Notes on Krama and Kashmir Shaivism, introduces Kashmiri Tantricism i.d. Krama, through bringing to the fore in English, the contents of Srikramanayapradipika by Rajanaka Lakshman Joo Raina. Apart from this there are the Siva Sutras, 128 verses in the beginning of the Tantraloka, and the Samgraha-slokas from the Citarthasamgraha.
About the Author
Arijoy Bhattacharya is an artist based in New Delhi, India. Having obtained his BFA in painting from College of Art, New Delhi in 2009, he studied at the School of the Museum of Fine Arts (S.M.F.A.), Boston for a year till 2010. Drawing from diverse influences ranging from Continental philosophy to Indian metaphysical traditions, his art explores reciprocity and mimesis, like an abstract machine, involving the circular operations that simultaneously reveal and deny phenomenal realities.
Preface
Seeing the depths of interest in Arijoy Bhattacharya's research is a deep well.
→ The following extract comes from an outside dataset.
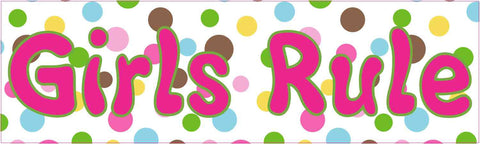 10in×3in Girls Rule Bumper Sticker Car Window Decal Stickers Vinyl Decals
It is complete enough in itself - a darkness for lay people. But he drills on, and I have seen him do so relentlessly, for years. The waters get deeper.
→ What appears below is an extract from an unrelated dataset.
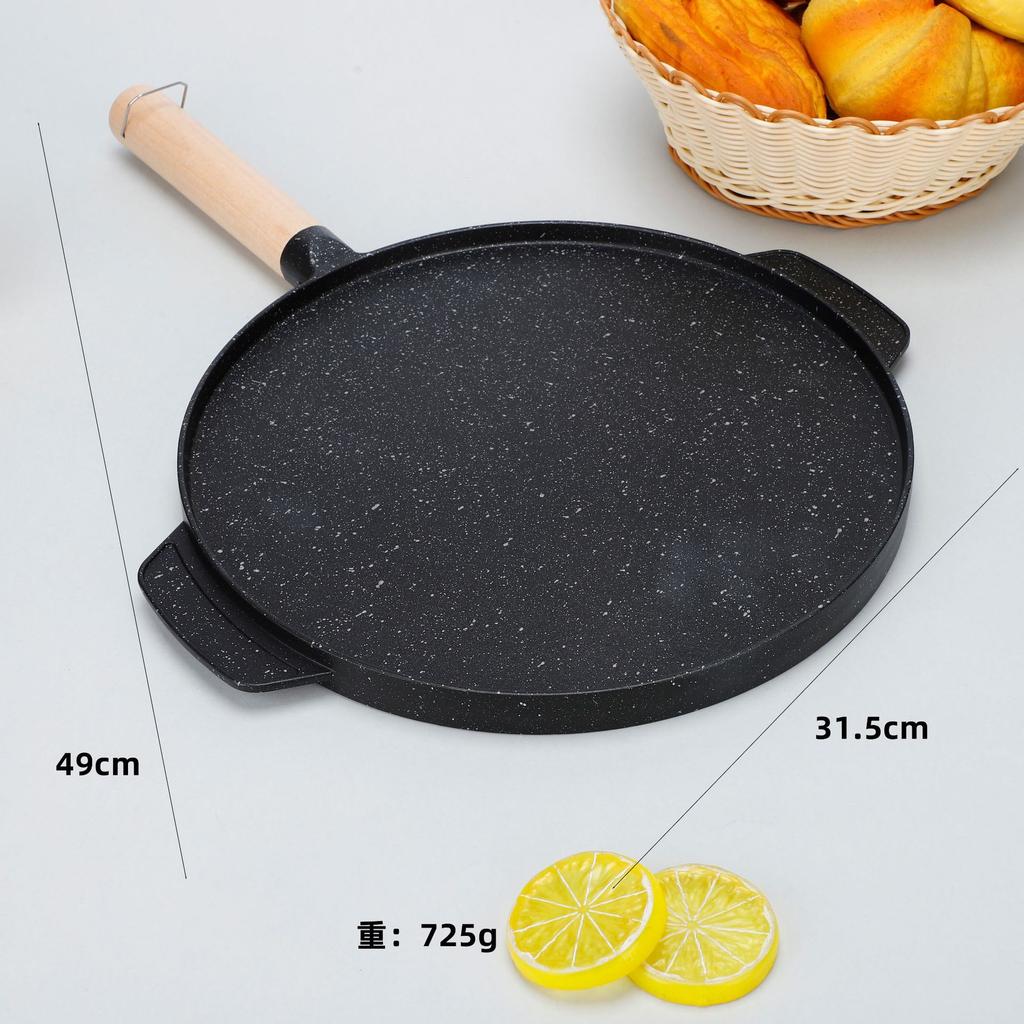 Non Stick Frying Pan Aluminum Medical Stone Coating Double Side Steak Frying Pan Camping Barbecue Grill Stoves Universal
Now again, he reappeared without notice and neither were his tools blunted -literally. Shiva, himself an amazing conceptual phallic manifestation, could have hypothetically marveled at this intimate, but twice-removed study which appears to hairsplit ideas of Shaivism, studied and rarerified - or even 'airified' to transparency.
To comment on such an erudite study with an analogy of contrariness, one must write one line from left to right and the other from right to left, to arrive at the central point of balance, the centrifugal fulcrum, a palm above the navel: a centre above our centre.
So, dive in as deep as you can and if you can manage to stay afloat in the deepest waters, you may emerge on the other side of the well/planet, with Arijoy holding your hand.
It was while working together on de-coding a Newari painting of Viratrupa of Shiva in my possession, that I discovered how far one could fly with esoteric/eso-erotic studies which try to capture the nebulous in language.
Is it the terror or bhaya of knowledge that keeps us in the dark?